- Born: June 6, 1892 Kansas City, Missouri
- Died: May 15, 1971 (aged 78) Palm Springs, California
- Known for: Marketing of the Yo-yo and making it a commercial success

= Donald F. Duncan Sr. =

American entrepreneur, inventor and toymaker

 This is about the American manufacturer. For others, see Donald Duncan (disambiguation).

Donald Franklin Duncan Sr. (June 6, 1892 – May 15, 1971) was an American entrepreneur and inventor, and founder of the Duncan Toys Company. He is known for marketing of the Yo-yo, and making it a commercial success.

== Career ==
Duncan is most commonly associated with the Yo-yo, the commercial success and iconic status they enjoyed during the 20th century in the United States and the world being largely the result of his marketing efforts. Duncan is often miscredited with invention of the Yo-Yo. The name Yo-Yo was a trademark of his company from 1930 until 1965, when the case Donald F. Duncan, Inc. v. Royal Tops Mfg. Co., 343 F.2d 655 (7th Cir. 1965) resulted in a federal court of appeals ruling in favor of the Royal Tops Company, asserting that the trademark had become a part of common speech.

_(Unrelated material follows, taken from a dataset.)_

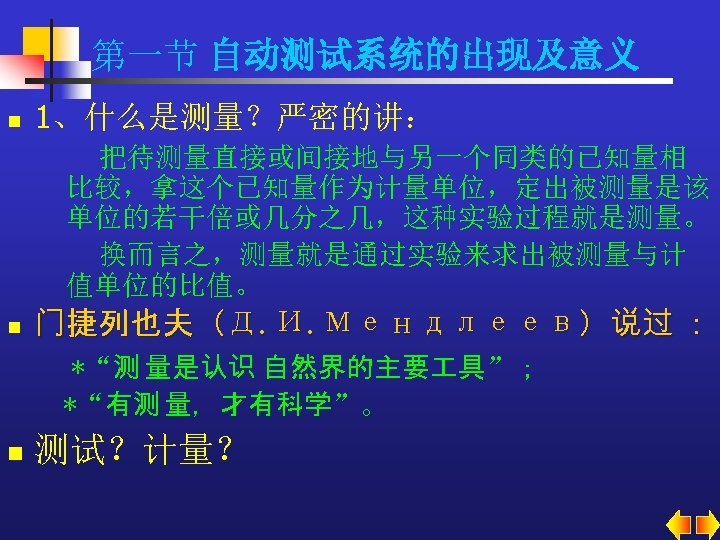 第一节 自动测试系统的出现及意义 n 1、什么是测量？严密的讲： 把待测量直接或间接地与另一个同类的已知量相 比较，拿这个已知量作为计量单位，定出被测量是该 单位的若干倍或几分之几，这种实验过程就是测量。 换而言之，测量就是通过实验来求出被测量与计 值单位的比值。 n 门捷列也夫（Д. И. Μендлеев）说过 ：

Duncan, who was born in Kansas City, Missouri, founded other companies, including the Good Humor mobile frozen treats franchise and a parking meter manufacturing company. Most notable among the innovations credited to Duncan is the concept of the premium incentive, a marketing tactic wherein the consumer is encouraged to collect proofs of purchase and redeem them for rewards, such as small toys or discount coupons.

He died in Palm Springs, California due to "the effects of a stroke."

Duncan's Birthday has been immortalized as National Yo-Yo Day, June 6.